This essay hit academic ethics----- like--- a ----bomb. It basically blew the stuffing out of the makeshift, ethically minimalist house of cards known as modern moral philosophy.
It remains a dilemma even today. Classic "Natural Law" philosophers maintain that moral law can be discovered by human reason, on the basis of a deep enough and wide enough examination of what it means "to be human" and what behaviors form the basis of true human flourishing (as persons, and as societies.)
But the problem seems to be that many people do not take a "deep enough and wide enough" view of what it means "to be human." Aristotle, Gautama Siddhartha, Marcus Aurelius, and Confucius tried, and we wouldn't do badly to look into what they wrote. Much of it embodies the "natural virtues," (courage, truthfulness, and so forth) and is naturally honorable.

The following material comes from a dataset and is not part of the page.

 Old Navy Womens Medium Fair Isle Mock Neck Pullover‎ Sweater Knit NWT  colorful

But I fear that modern cultures have fallen far below the best of classical pagan antiquity. It would be hard for us --- on the basis of our secular culture, absent the Divine Judeo-Christian heritage --- to aspire to, or even recognize, Aristotelian virtue.

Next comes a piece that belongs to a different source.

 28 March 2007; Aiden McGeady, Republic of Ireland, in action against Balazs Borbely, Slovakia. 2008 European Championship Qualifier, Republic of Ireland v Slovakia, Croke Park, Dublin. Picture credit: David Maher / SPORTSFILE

P.S. anybody else here interested in Anscombe? I have something real interesting I could send you.
Thanks for the ping!
Take my word for it, MHGinTN, the destination is worth the journey.
Take my word for it, MHGinTN, the destination is worth the journey.
I'm interested. It has been years since I dove into the "footless stocking without any leg" of modern moral philosophy and I enjoyed reading Leff's treatise... what ya got?
(Substituting the word veridical or veriferous for valid, that is.)
Please send me the additional materials.
I understand that I am under no obligation and that no salesman will call; but if I do not cancel within 30 days I may be billed a low monthly service fee of $5.95 (not valid in Alaska, Hawaii, or Kenya); and that I should always close the cover before striking. This material printed or recycled electrons. No philosophers were hurt in the production of this message.
Perhaps I could download it and read it that way. I read five or six pages but was developing a headache from eye strain.
Okay, I’ve read it all now. And God help us.
Your task for class reminds me of a question posed by a teenager in my Bible Study class, and the struggle I had in trying to come up with not only a coherent answer but the correct answer.
Her question was: 'How can a God of love allow such evil things to happen to the creation He loves, to the innocent in His created universe?... Does it mean that a God of love is coming up short, unable to prevent such atrocities?'
It is easy to pass the question off with a sweeping 'Because God made the universe the way it is, not the way we would want it to be.' It is a far deeper task to come up with the most succinct response that is correct, which is, 'If God the Creator became entwined in responding to every act of evil, the God Who created all would be subject to the vagaries of the creation and thus diminished in sovereignty.' Combining that notion with teaching on the role of free will and choosing right or wrong is why I really enjoyed that class so many years ago.